In praise of Windows Media Center

Microsoft showed off developments on Windows Media Center last week at CES. Despite the Ballmer bluster, despite the inexorable march of Microsoft to seize control of all your screens, something important needs to be said.

Specifically: Not bad, Microsoft.

We've come a long way from the schadenfreud-a-riffic 2005 CES keynote, when WMC crashed during Bill Gates's keynote demo. (We've even come a long way from November, when Microsoft hauled a group of writers and bloggers out to Redmond to talk about WMC for Windows 7 but showed us mainly screen shots.) Our brief visit with Windows Media Center was an encouraging look at a product that's gotten smarter, more flexible, and more fun to know with age.

Some of the charm may simply mean that Media Center's edging out from under Vista's long black shadow.
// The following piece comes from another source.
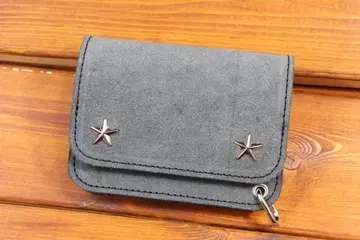 별 스터드 트래커 지갑 블랙 가죽 블랙 실 도치기 가죽 사용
Some of it may also be mounting excitement over Media Center Extender turning up in more television sets; as the WMC interface becomes an in-the-gears option for interacting with the set, it's easy to fall in love with the things Microsoft has gotten right.
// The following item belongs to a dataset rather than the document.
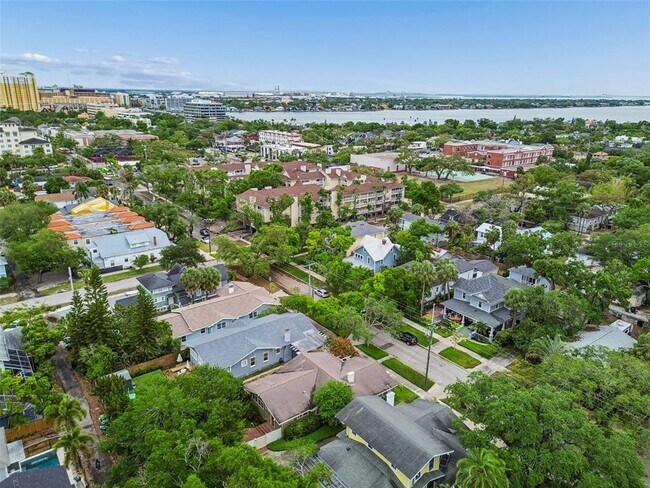 Building Photo - 1107 W Horatio St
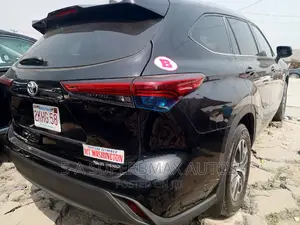Toyota Highlander Limited 2022 Black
In Microsoft fashion, the company has accomplished this in part by pinpointing and exploiting the mistakes of its competition. If anyone in the US is a fan of their cable provider's channel guide, check that person for deer ticks -- simply put, cable providers know you're captive and they do to you as they will. And the experience is horrid. Microsoft, on the other hand, may often behave as if its consumers are captive, but in the case of WMC, at the very least, it treats those captives with kindness. It's touching.

Generic Windows Media Center start pageLiterally, it's touching -- one of the advances in the 7 version of WMC is the advent of touch gestures to get around guides and move through menus. For instance, multitouch content-skimming within a music collection managed via WMC proves a lot more appealing for me than using Cover Flow, the analogous activity within iTunes. It may be that the WMC demo had enough artists represented to trigger the excellent Turbo Scroll option (about 200, the presenter estimated), but I felt I was getting a far more satisfying glance at the system through Microsoft's eyes, and far more intuitively.
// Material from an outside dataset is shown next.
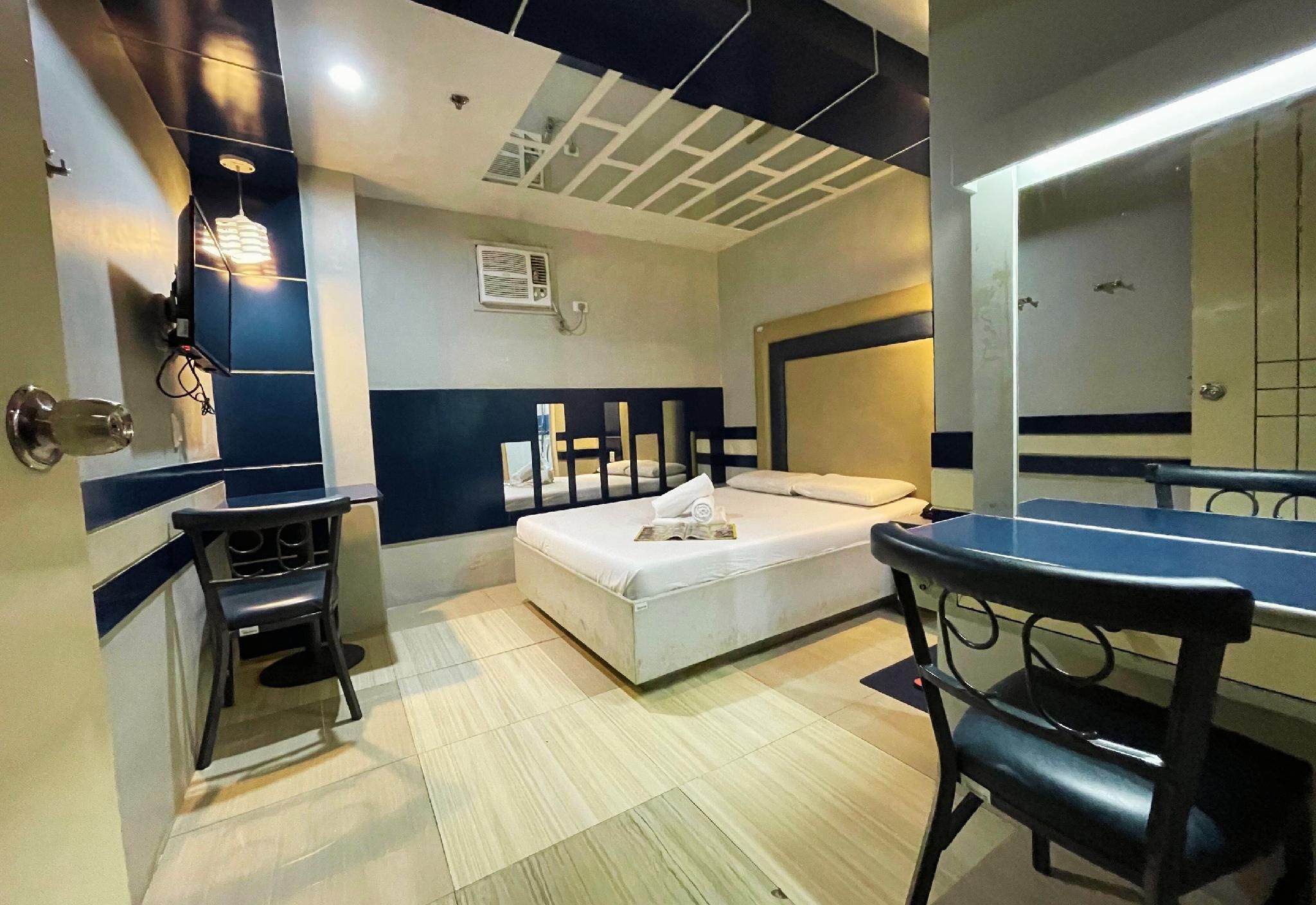 Hotel 99 Monumento Caloocan Fiesta Room 3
It seems too that Microsoft's picking up some smarts about how people use their collections. Playlists are better supported, and the ability to "pin" an album indicates that Redmond understands that sometimes there's something you just need to hear over and over for a while. And were I carrying a Windows Mobile device or the Zune, the ability to sync recorded TV content to either of those device would be powerful stuff for those addicted to DVR-style time shifting.

Best of all for the inveterate video-scrounger, Microsoft suspects that you don't want to have to figure out whether the show you want to pull from the Internet is on abc.go.com, hulu.com, or joesbarandvideo.com -- you just want to watch it, and it's WMC's job to figure out where and how. It does. Just like that. I may never be in the market for a Zune, but I can also cheerfully forget everything I've taught myself about digging up video online if Microsoft's going to do it so smoothly on my behalf.

Microsoft reps have a habit of talking up their big wins, such as their success in bringing Olympics coverage -- meaning coverage of all the events and not just those NBC programmers felt would draw the biggest ratings, to the WMC masses. They tell me that the average viewer of that Olympics coverage spent 5-6 hours watching, and that's astonishing (and, for users such as the Seattle-area parent who got to watch her son compete in judo at o'dark-thirty thanks to the service, kind of wonderful).

But the real wins for Windows Media Center are going to be much more subtle: A convert to the elegant programming guide here, a please-don't-make-me-search-ABC's-site-again refugee there. It's not a bad vision of the post-Vista world, not at all.